As a result, even when various data are mixed, suitable conditions can be extracted without burying the characteristics of the data. Furthermore, it is possible to extract the knowledge hidden in the data, for example, the condition that the explanatory variable has a large influence on the objective variable when it is in a certain range. In the case of this embodiment, as shown in FIG. 11, it can be seen that the correlation between the number of parts replacement and the machine use time is highest when the part number A01 and the humidity are in the range of 20 to 30.

<< Second Embodiment >>
In the second embodiment, after clustering the analysis data, the center of gravity is obtained in each cluster, and a single variable or / and a combination of variables that are suitable correlation conditions are extracted.

FIG. 12 is a flowchart showing a correlation extraction process of clustered analysis data.
The CPU 11 selectively displays a menu of objective variables and a menu of explanatory variables on the display unit 15. The user selects the objective variable and the explanatory variable displayed in the menu on the display unit 15 by the input unit 14 (S50).
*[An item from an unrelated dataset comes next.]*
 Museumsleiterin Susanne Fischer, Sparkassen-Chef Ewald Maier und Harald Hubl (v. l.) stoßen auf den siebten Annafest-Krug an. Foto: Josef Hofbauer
As a result, the CPU 11 starts a series of operations in steps S51 to S59.
By selecting the objective variable and the explanatory variable, the scatter plot of the two variables shown in FIG. 13 is determined. Each data 2 included in the analysis data 161 is plotted in this scatter plot. The horizontal axis of the graphs from FIG. 13 to FIG. 15 is the machine usage time. The vertical axis of the graph is the number of parts replacement.
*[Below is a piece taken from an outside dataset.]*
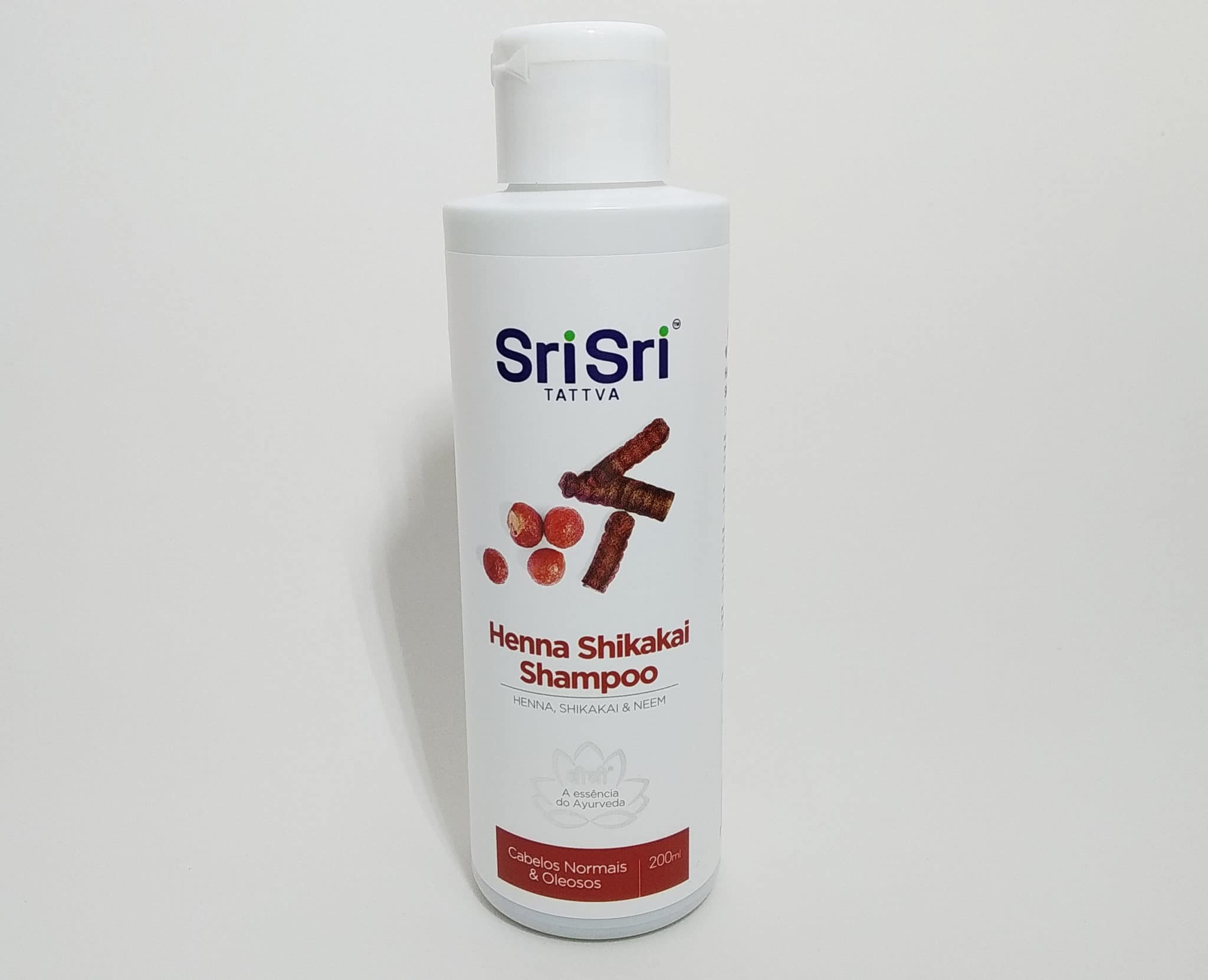 shampoo shikakai, henna, reetha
When the CPU 11 sets an initial value of 2 for k of the number of clusters (S51), the CPU 11 proceeds to step S52 and performs clustering by k-means.
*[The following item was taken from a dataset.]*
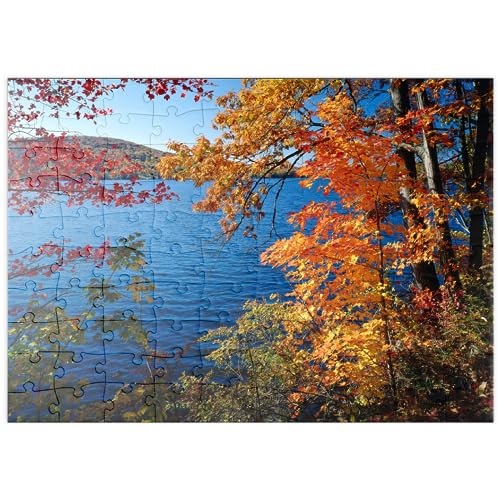 Vista del Lago Waramaug En Indian Summer, Connecticut, Estados Unidos - Premium 100 Piezas Puzzles - Colección Especial MyPuzzle de Puzzle Galaxy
The CPU 11 determines whether or not there is a cluster 22 having less than 30 data (S53). Here, the threshold value of 30 for the number of data is an example, and may be any number required for the sample. The number required for the sample may be variable depending on the analysis data 161 and variables.

If the number of data in the cluster 22 is 30 or more (No), the CPU 11 increases the number of clusters k by one (S54), and returns to step S52. If the number of data in the cluster 22 is less than 30 (Yes), the CPU 11 proceeds to the process of step S55, and targets the previous (k-1) clusters 22 for processing.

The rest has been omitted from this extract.